Data Science and Machine Learning in banking? Myth or reality?

Classification techniques are an essential part of Machine Learning and Data Mining applications.

Approximately 70% of problems in Data Science are classification problems.

And we bankers love classifications, don’t we? Will the borrower be able to repay the loan or not? How could we classify potential customers and retain the existing ones based on their satisfaction? Can we detect some frauds and irregularities in transactional patterns?

Data Science has some very fast, effective and fun techniques for answering those questions.

Logistic Regression

A very popular classification technique to predict binary outcomes (only two possible outcomes: 1/0, Yes/No, True/False) is called Logistic Regression.

You can also think of logistic regression as a special case of linear regression which gives us a real number as an outcome, but using log of odds as dependent variable to normalize everything to be between 0 and 1. Then we can interpret the number we get as a probability!

In other words, logistic regression predicts the probability of occurrence of an event by fitting data to a logit function using corresponding set of independent variables.
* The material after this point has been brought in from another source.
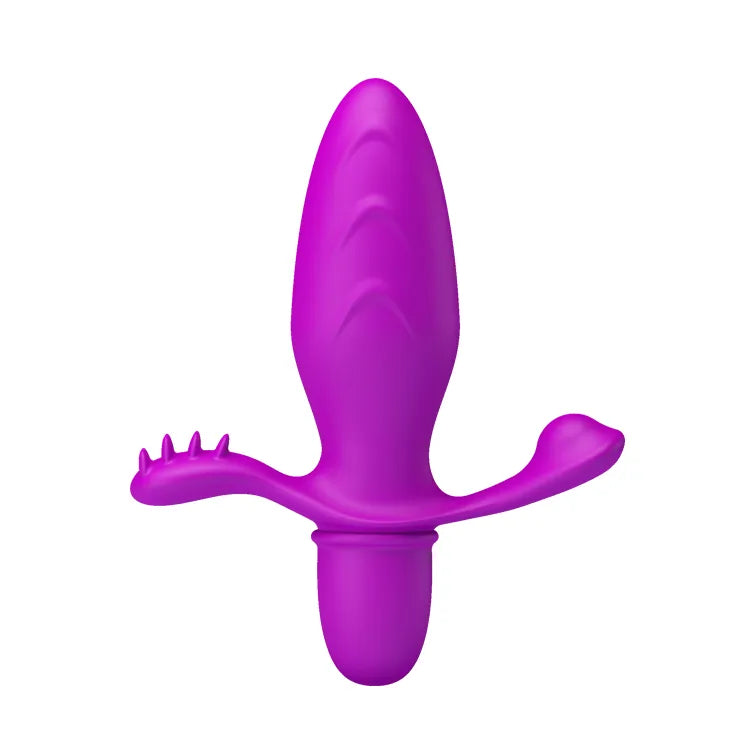 Pretty Love Fitch Anal Vibrator - Fuchsia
It is the supervised learning task for modelling and predicting categorical variables.
Some familiar examples of logistics regression:
• Marketing: Prediction of a customer's propensity to purchase a product, Yes/No
• Engineering: Prediction of a success of a given process, Yes/No
• Weather forecast: It will rain, Yes/No

Whereas in banking, there are many questions that we can answer by logistic regression, such as:
• Will the client accept pre-approved loan offer?
• Will the client repay its loan prematurely?
• Will the client accept higher price?
• Will the client be able to repay its whole loan?
• Will the client miss paying its next installment?
• Is the observed transaction fraudulent?

Therefore, speaking in a language of a logistic regression, if we have three variables: X1 – profession, X2 – the subject of prediction and X3 – model used for prediction, for the following input (banker; credit scoring model; logistic regression) outcome would most certainly be: happy with the probability of 100%.